I don’t think I have a favorite language. In most cases it wasn’t up to me which language to use, and the language was not a major component of my decision to accept a job offer. Currently I only write Python and C, and I think this is how it will be for a while because of what I’m doing. If I will have a reason to use another language, I will.

What projects are you working on now?

At the moment I am working on a sequence of incremental changes to the cpython compiler that will improve its internal structure and make it easier to evolve. Translating python code into bytecode involves a number of steps: tokenize the code, transform the tokens into an abstract syntax tree (AST), and finally the compiler which translates the AST into bytecode. We currently have access to the first two steps through the tokenize and ast modules of the standard library, but the third step, compiling an AST to bytecode, is one big C-code black box, and it is quite complicated. It involves a code generation step that traverses the AST and emits an instruction sequence, then an optimization stage that applies a large number of tricks to make the code faster, including analysis of the control-flow-graph. Finally, the assembler resolves jump offsets, emits the final bytecode and constructs additional information for the code object such as the exception table and source location table.

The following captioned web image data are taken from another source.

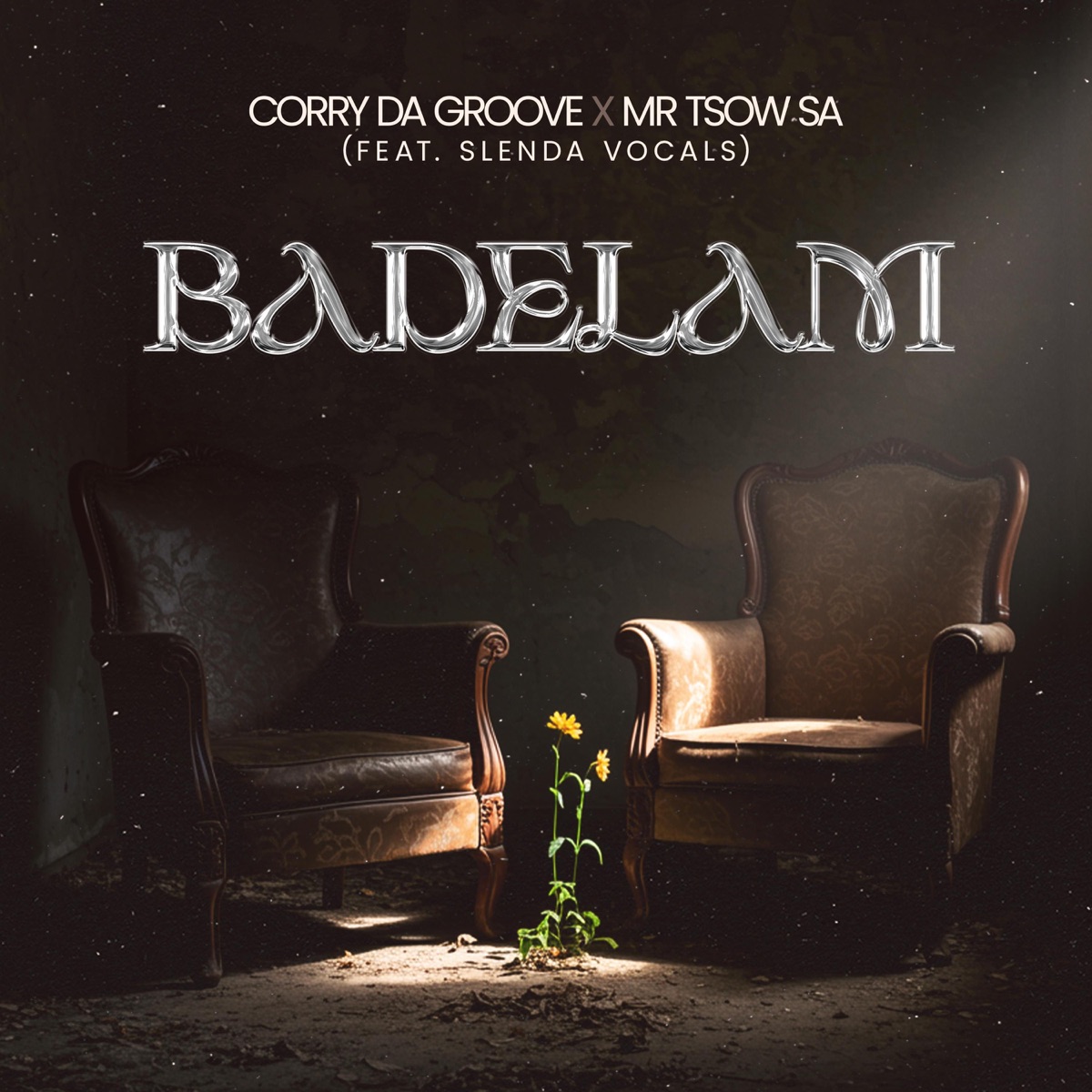Badelam (feat. Mr Tsow_SA & Slenda Vocals) - Single by DJ Corry Da Groove album cover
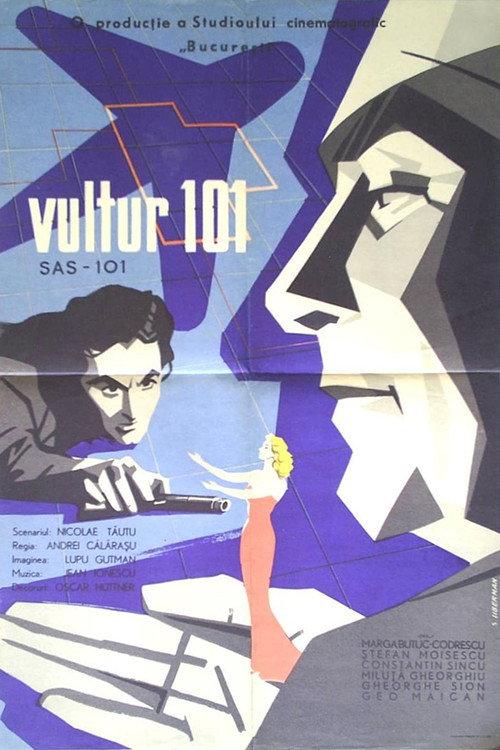 Eagle 101 1957 official movie poster
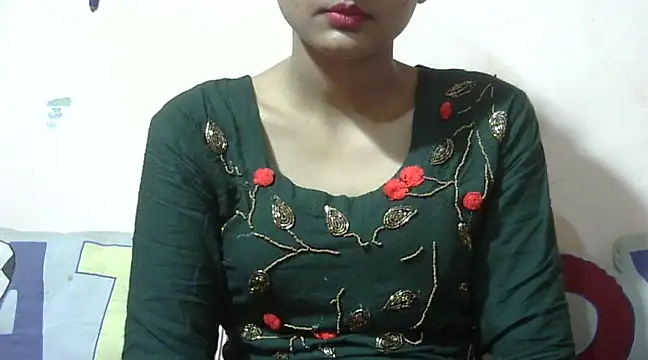 Snapshot of Aayesha chatting on 14, 2, 2025 Aayesha online show from 14, 2, 2025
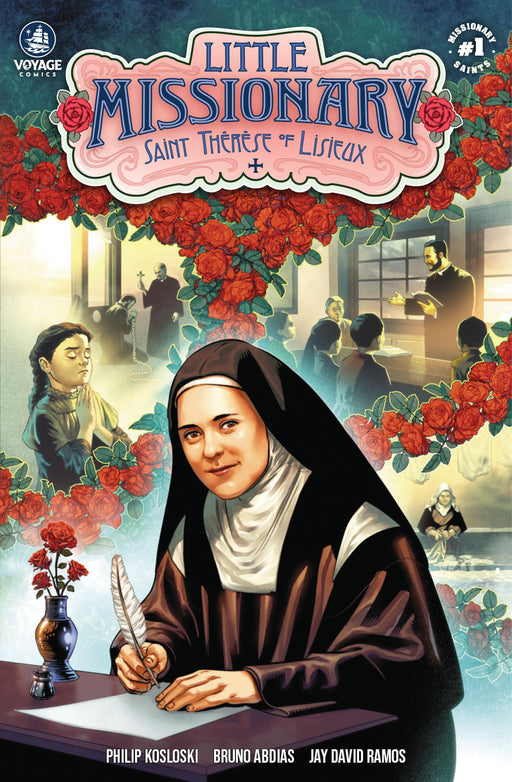 Little Missionary: St. Thérèse of Lisieux Comic Book by Philip Kosloski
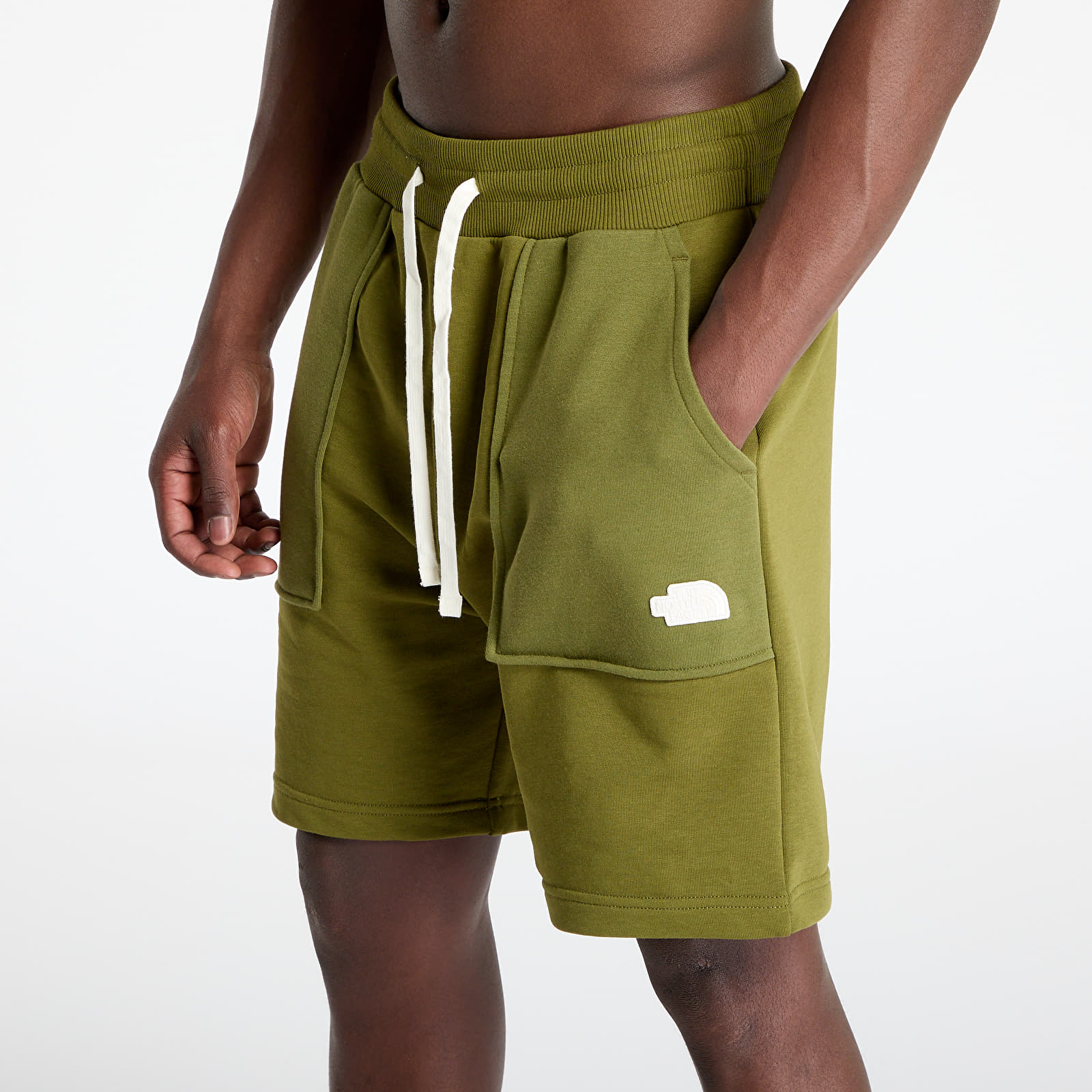 Shorts The North Face Terry Regular Short Forest Olive
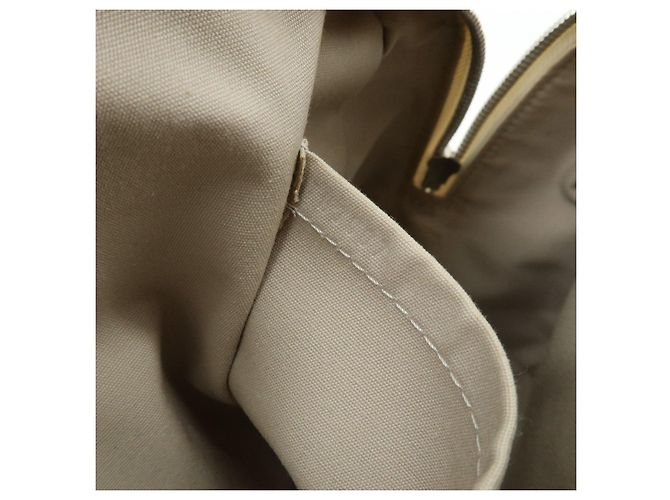 Louis Vuitton Epi Montaigne GM Bowling Hand Bag Ivoire White M5931J - vista 24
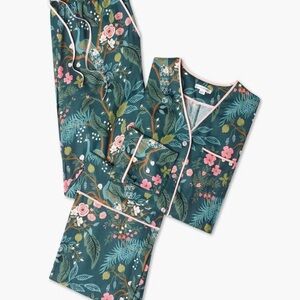 New Summersalt Rifle Paper Co Pajamas, size M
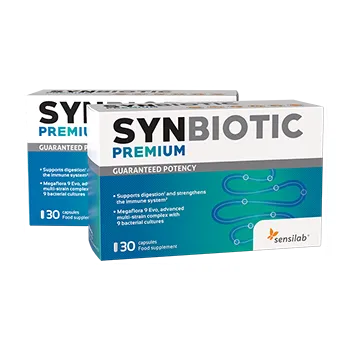 Vestavná trouba Synbiotic Premium 1+1 ZDARMA:vysoce kvalitní probiotikum, 33 miliard CFU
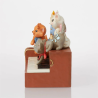 Figurine Les aristochats "Paws at play" Disney traditions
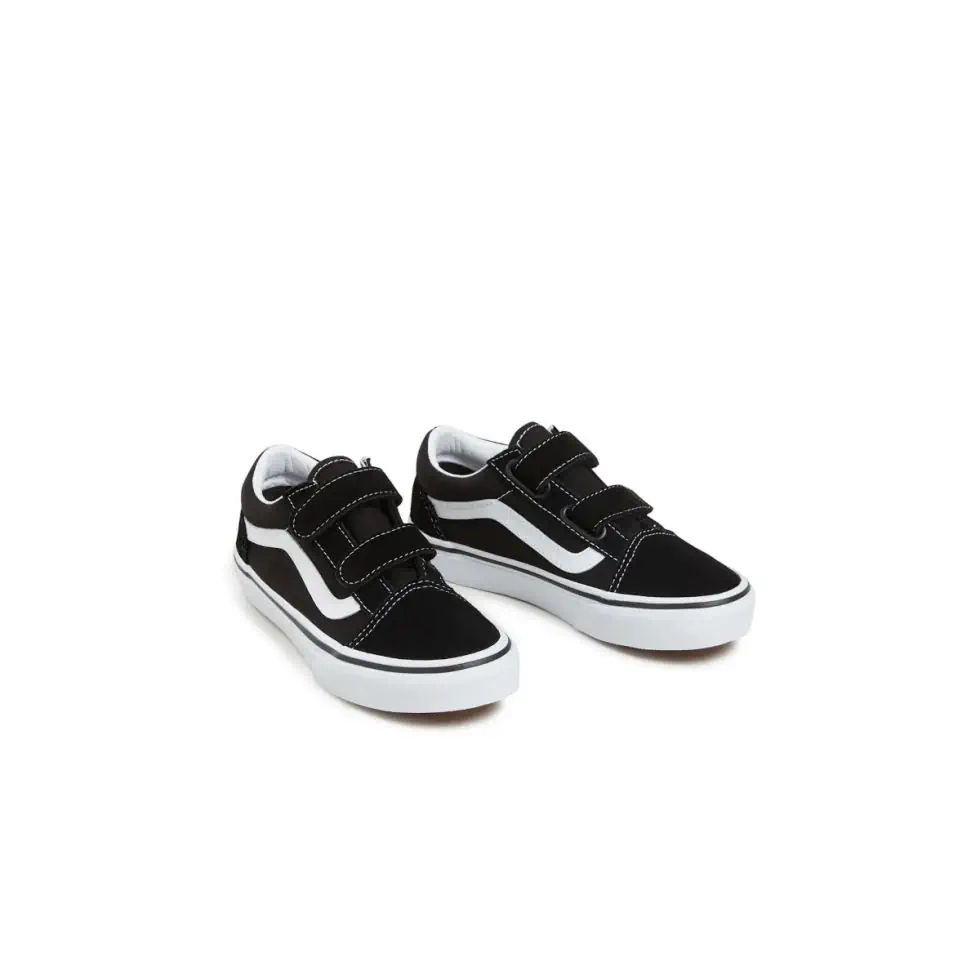 Vans Old Skool V Kids black white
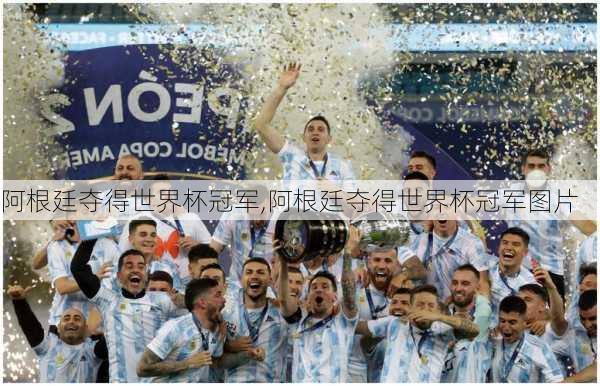 阿根廷夺得世界杯冠军,阿根廷夺得世界杯冠军图片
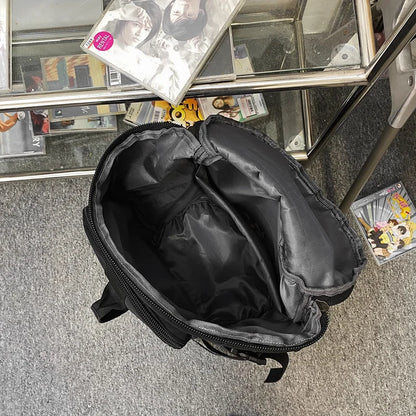 Big Cool Men Young Girl Travel Unisex Backpack Shoulder Bags For Teenage Girls Nylon Sport Multi-function Large Capacity Women
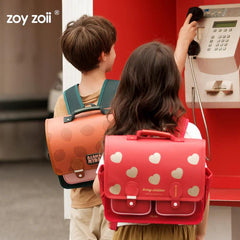 Zoyzoii B66 Retro Series Schoolbag | The Nest Attachment Parenting Hub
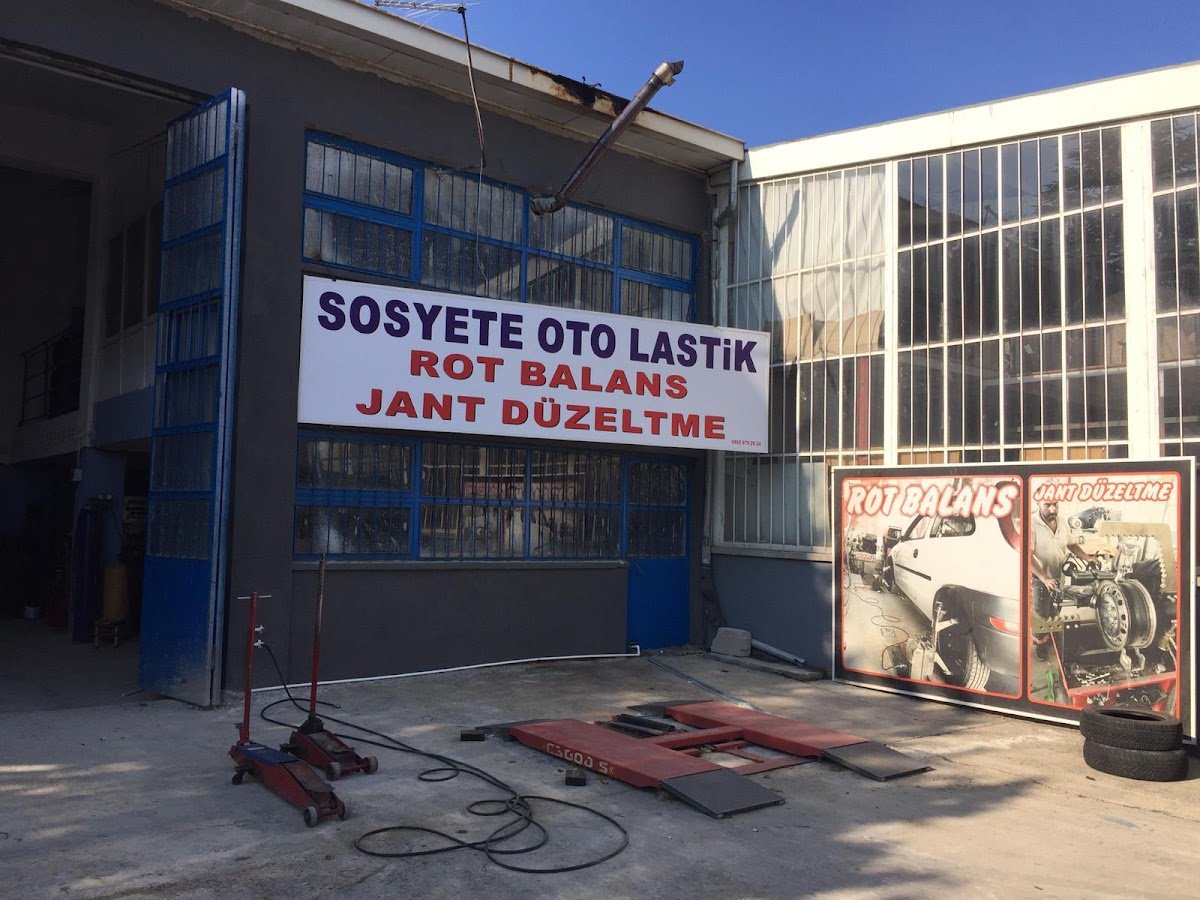 Oto Kurtarma Sosyete Oto Lastik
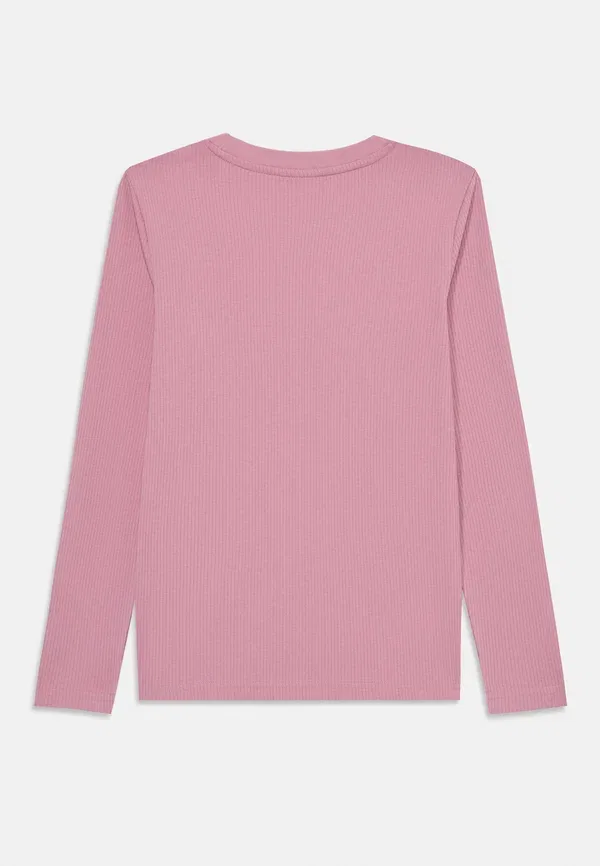 Лонгслив с принтом Graphic bow longsleeve Puma Poised Pink, розовый — фото 2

After thirty years of development, the compiler’s code is a bit hard to work with, for two reasons. The first is that the code of these different stages is very coupled and it is sometimes hard to predict the impact that a change can have. The second is that it is not always possible to write unit tests for changes that we want to make, because every test exercises so much code.  My goal is to separate the compiler into three or four distinct stages, each of which can be exercised independently from unit tests written in Python. Once we have that, the compiler’s code will be structured better and easier to maintain. It will be more accessible to developers who need to work on it, and it will give us confidence to implement various optimisations.

Is there anything else you’d like to say?

I got involved with open source development at a late stage of my career. The technical experience I brought with me was of course very useful, but there was also a lot to learn about how open source works. The transparency inherent in the work is very refreshing, and I already mentioned the thrill of working on a high-impact project. I hope this will encourage other late-career developers to contribute to open-source projects in general and to cpython in particular. Start by reading the Dev Guide.

Thanks for doing the interview, Irit!